Bizim gazetemizde de i EnerjiSa'nın açıklamalarını geçtiğimiz iki gün boyunca okumuşsunuzdur. Her zaman söylüyorum. Kıymetli patronlarım Özcan Aladağ ve Durmuş Ali Başkan bir gazeteciye yakışmayacak kadar çok nezaket sahibi insanlar. EnerjiSa'nın cevap hakkını sonuna kadar kullanmalarına müsaade etmişler. Ben olsam cevap hakkına saygı duyup yayınlardım ama üstüne de mutlaka eleştirilerimi yeniden eklerdim. Dedim ya ben onlar kadar nezaket sahibi değilim.

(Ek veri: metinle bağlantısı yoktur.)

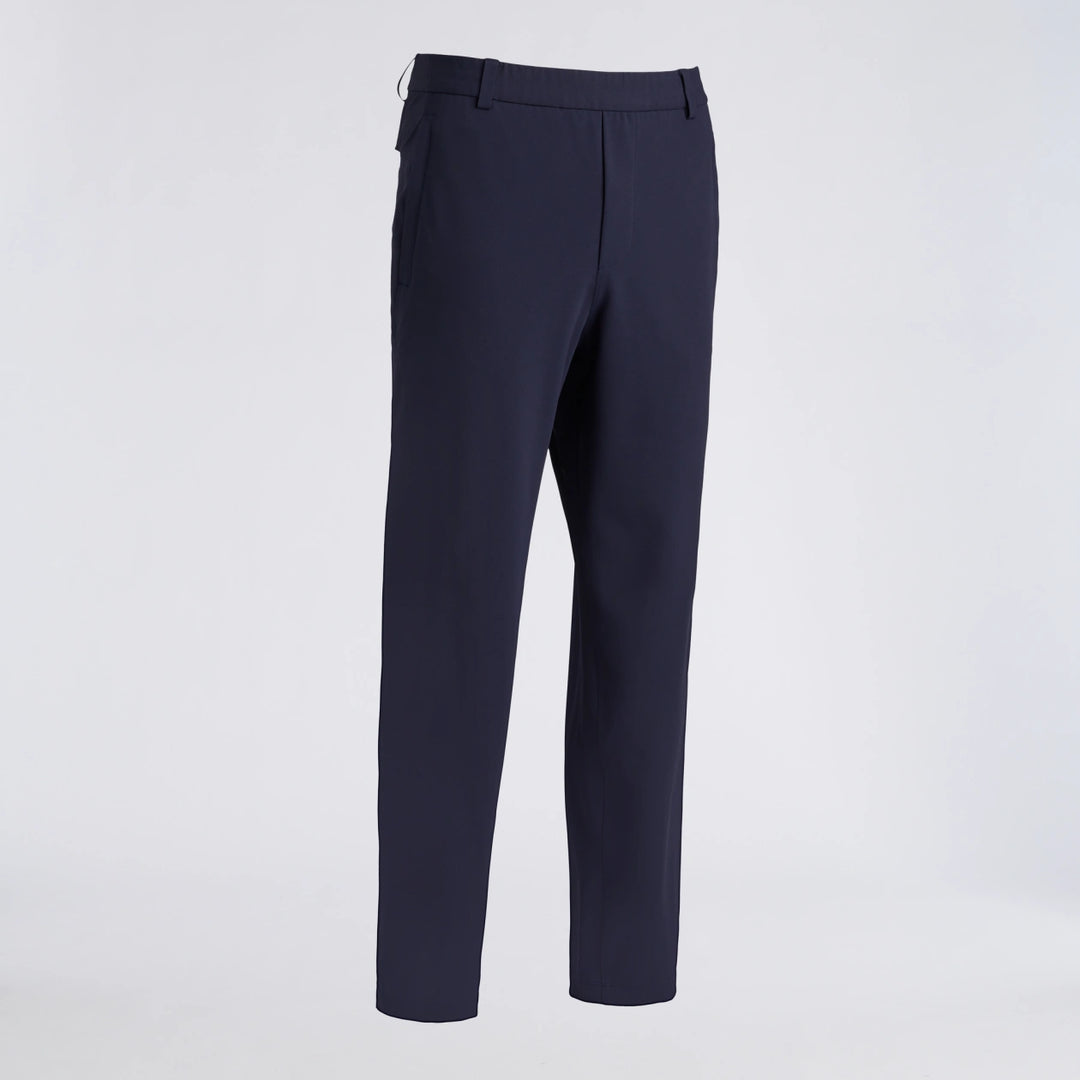The Effortless Jogger - Twilight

Bizim yaşadığımız sokağa iki farklı trafodan hizmet (!) veriyorlar. Sokağın yarısı birinden diğer yarısı diğerinden faydalanıyor. Bir bölümün trafosu o kadar kötüydü ki yaz kış farketmez her hafta iki üç kez elektrikler kesiliyordu. Geçtiğimiz haftalarda görevliler artan şikayetler sonrasında yeni, sıfır bir trafo takıldığını ve bu trafonun gücünün diğerinden yüzde yüz daha fazla olduğunu ifade ettiler. Biz de sevindik elektrik artık daha az kesilecek diye ama maalesef eskisinden hiç bir farkı olmadı. Yine haftada 3 gün elektrik kesintisi yaşıyoruz. 

Şimdi Allah aşkına siz söyleyin. Siz olsanız ne kadar nazik davranırsınız EnerjiSa'nın açıklamalarına karşı?